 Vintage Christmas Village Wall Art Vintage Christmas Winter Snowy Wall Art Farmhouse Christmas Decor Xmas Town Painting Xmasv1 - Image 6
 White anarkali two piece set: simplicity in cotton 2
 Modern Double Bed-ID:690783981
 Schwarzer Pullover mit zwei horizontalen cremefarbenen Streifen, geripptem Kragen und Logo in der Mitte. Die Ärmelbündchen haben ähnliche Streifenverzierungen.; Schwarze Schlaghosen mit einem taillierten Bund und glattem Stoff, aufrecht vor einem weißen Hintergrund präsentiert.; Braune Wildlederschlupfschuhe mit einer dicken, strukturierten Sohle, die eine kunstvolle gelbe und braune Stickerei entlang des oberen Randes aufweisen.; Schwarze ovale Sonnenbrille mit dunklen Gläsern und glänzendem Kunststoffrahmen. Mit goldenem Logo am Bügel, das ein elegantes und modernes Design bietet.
========================
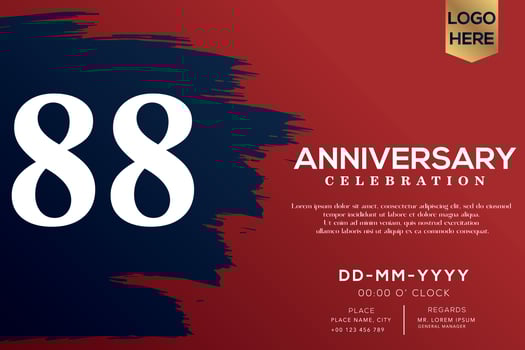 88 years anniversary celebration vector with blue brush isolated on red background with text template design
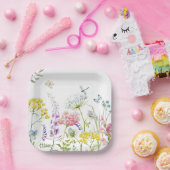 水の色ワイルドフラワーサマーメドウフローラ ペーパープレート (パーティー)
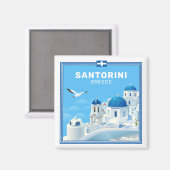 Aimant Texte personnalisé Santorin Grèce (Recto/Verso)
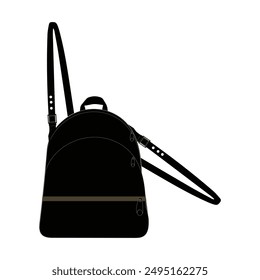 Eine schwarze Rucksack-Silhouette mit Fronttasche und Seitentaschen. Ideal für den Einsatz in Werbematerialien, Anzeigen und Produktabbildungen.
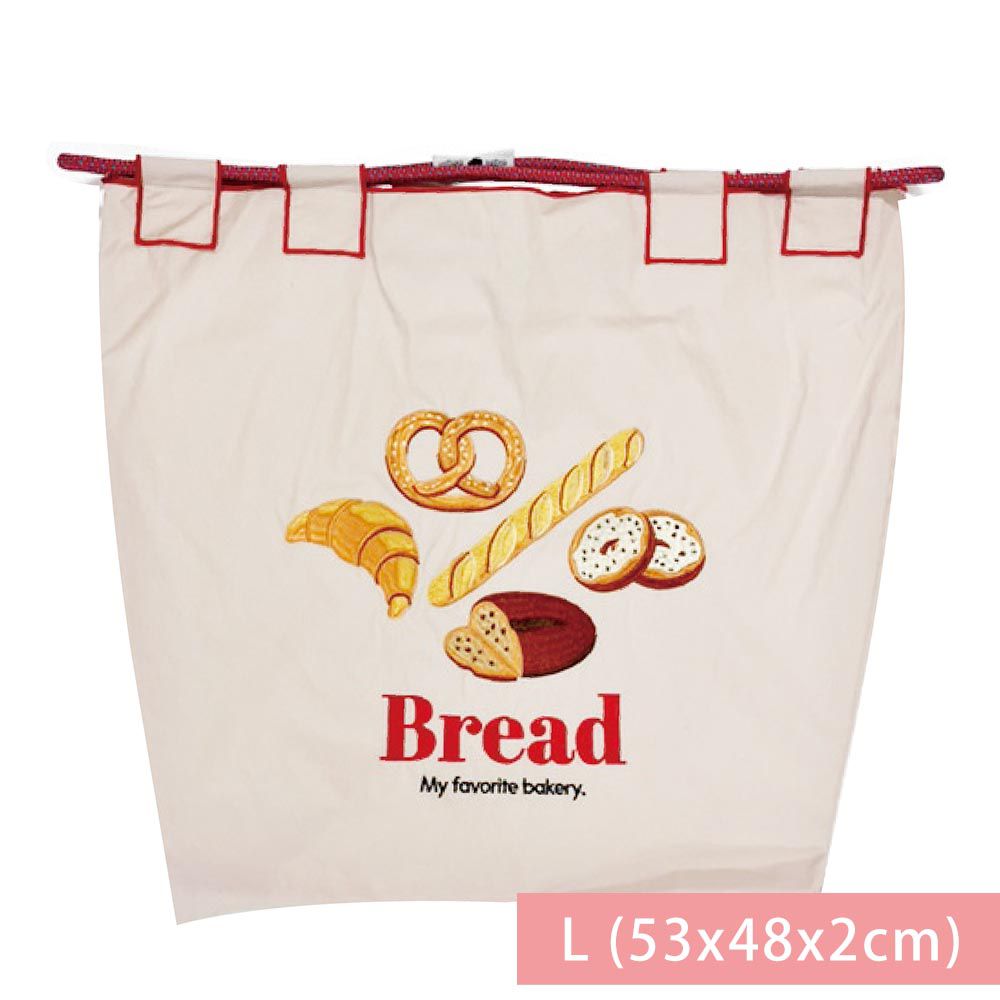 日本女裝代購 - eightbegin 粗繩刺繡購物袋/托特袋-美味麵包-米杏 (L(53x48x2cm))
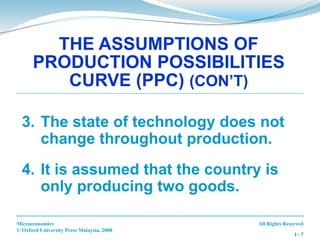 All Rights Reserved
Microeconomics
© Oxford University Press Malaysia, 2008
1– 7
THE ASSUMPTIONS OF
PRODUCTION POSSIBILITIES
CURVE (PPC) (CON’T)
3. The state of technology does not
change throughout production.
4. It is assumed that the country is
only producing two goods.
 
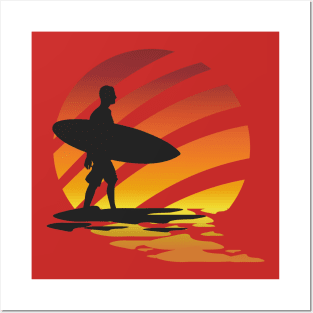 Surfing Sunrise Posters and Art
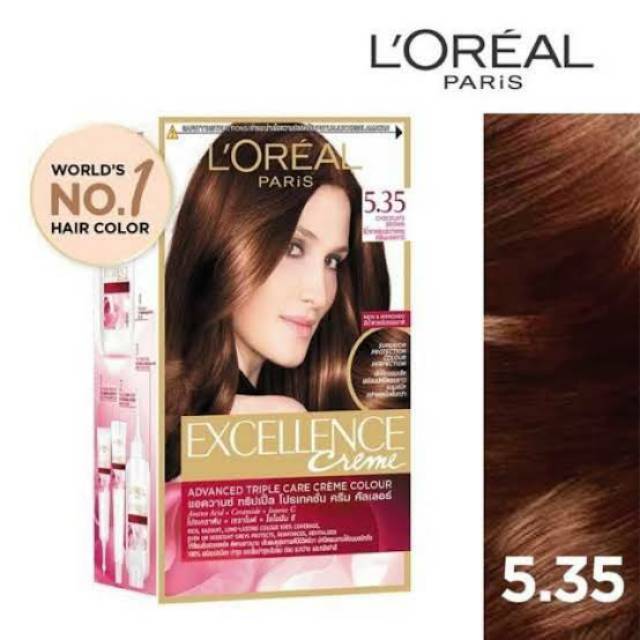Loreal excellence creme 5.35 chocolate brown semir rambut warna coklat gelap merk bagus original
========================
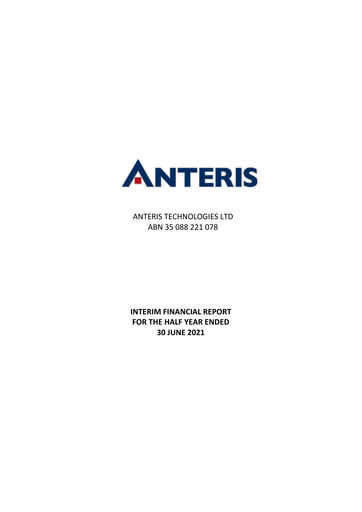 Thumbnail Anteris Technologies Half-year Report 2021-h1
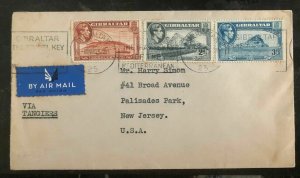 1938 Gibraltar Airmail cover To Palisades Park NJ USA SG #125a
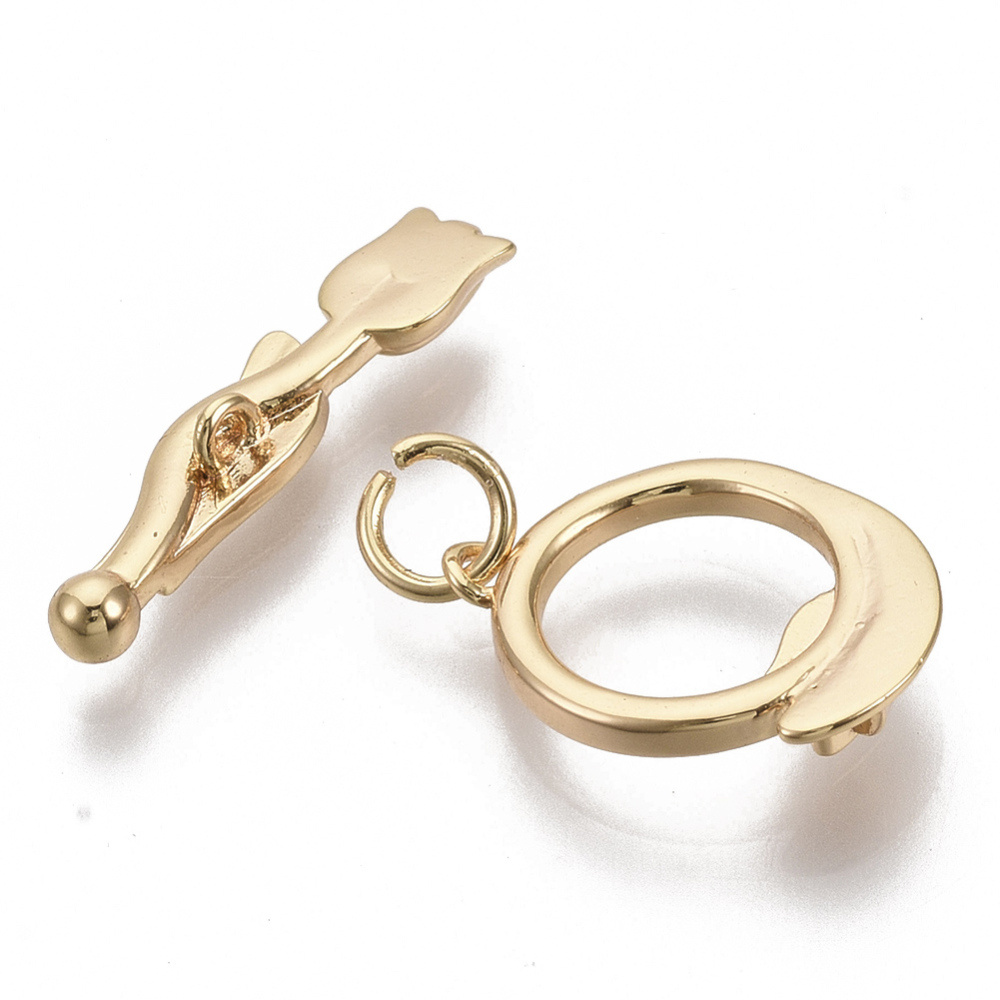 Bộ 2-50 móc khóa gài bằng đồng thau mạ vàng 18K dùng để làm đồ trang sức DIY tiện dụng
========================
> _Exercise requirements_:
Where a picture appears in the records above, omit it, and transcribe exactly the stretch of lines from the one with "4. It is assumed that the country is" through the one with "Loreal excellence creme".

> _Response box_:
4. It is assumed that the country is
only producing two goods.
 
 Surfing Sunrise Posters and Art
Loreal excellence creme 5.35 chocolate brown semir rambut warna coklat gelap merk bagus original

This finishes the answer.